Tempeh (TEM-pay) is an Indonesian base ingredient, bound together by a dense mycelium of fragrant white Rhizopus mold into compact vehicles for seasoning.
Most Tempeh is soy-based, and is popular with vegans and vegetarians for vitamin B12 and as a complete source of protein, meaning it uniquely has all nine essential amino acids for sustaining healthy bones and muscles.

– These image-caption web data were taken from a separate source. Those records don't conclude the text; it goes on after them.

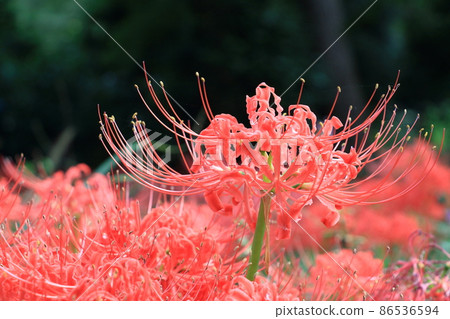 Higambunna梨 Higambunna梨 86536594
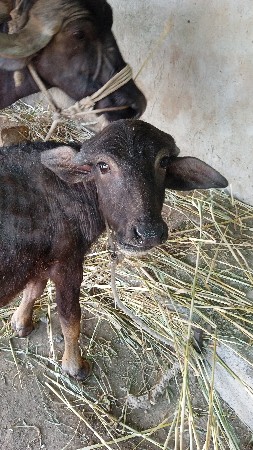 थंबनेल 2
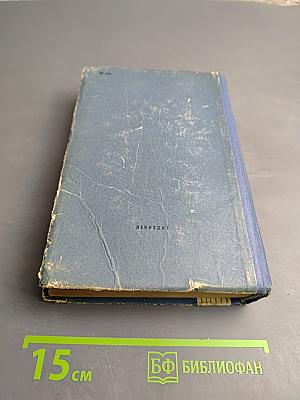 Новый директор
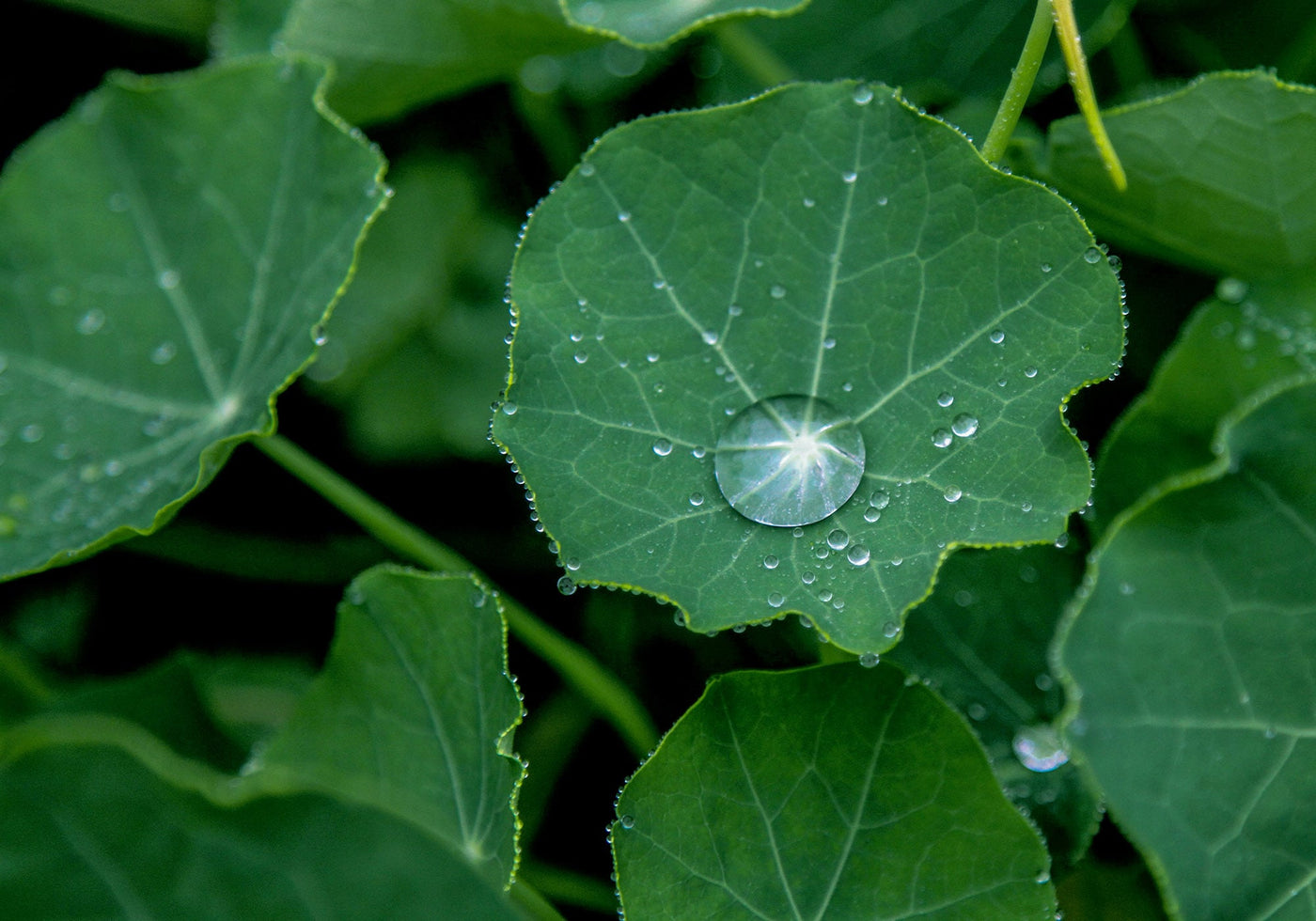 Will wildflowers grow in the shade?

Cube or slice for different textures. When fried, Tempeh transforms into crunchy, nutty-flavored bites of umami, making a hearty addition to salads, rice, hot dishes, wraps, and sandwiches. Fry with salt and pepper, or pack some flavor with one of the marinades below. The versatility and long shelf life makes this a solid staple for meat alternatives.
5 min chopping
marinade - 24hr
15-20 min total
10 days after opening in the fridge
up to 10 mos in the freezer
BAKE tempeh cubes until golden and crispy, from 30-35 min, until golden brown and crispy. Bake slices for slightly less time because they're thinner, 25 to 30 minutes.
PAN FRY. Sear both sides until browned and crispy, 3 to 5 minutes per side. Transfer to paper towels to absorb any extra oil.
AIR FRY. Set the air fryer to 380 degrees F. Bake for 10 to 15 minutes, shaking 2 or 3 times.
STEAM. Break the tempeh into chunks, cover it with water or stock, bring the mixture to a boil, reduce to a simmer and cook for 10 minutes.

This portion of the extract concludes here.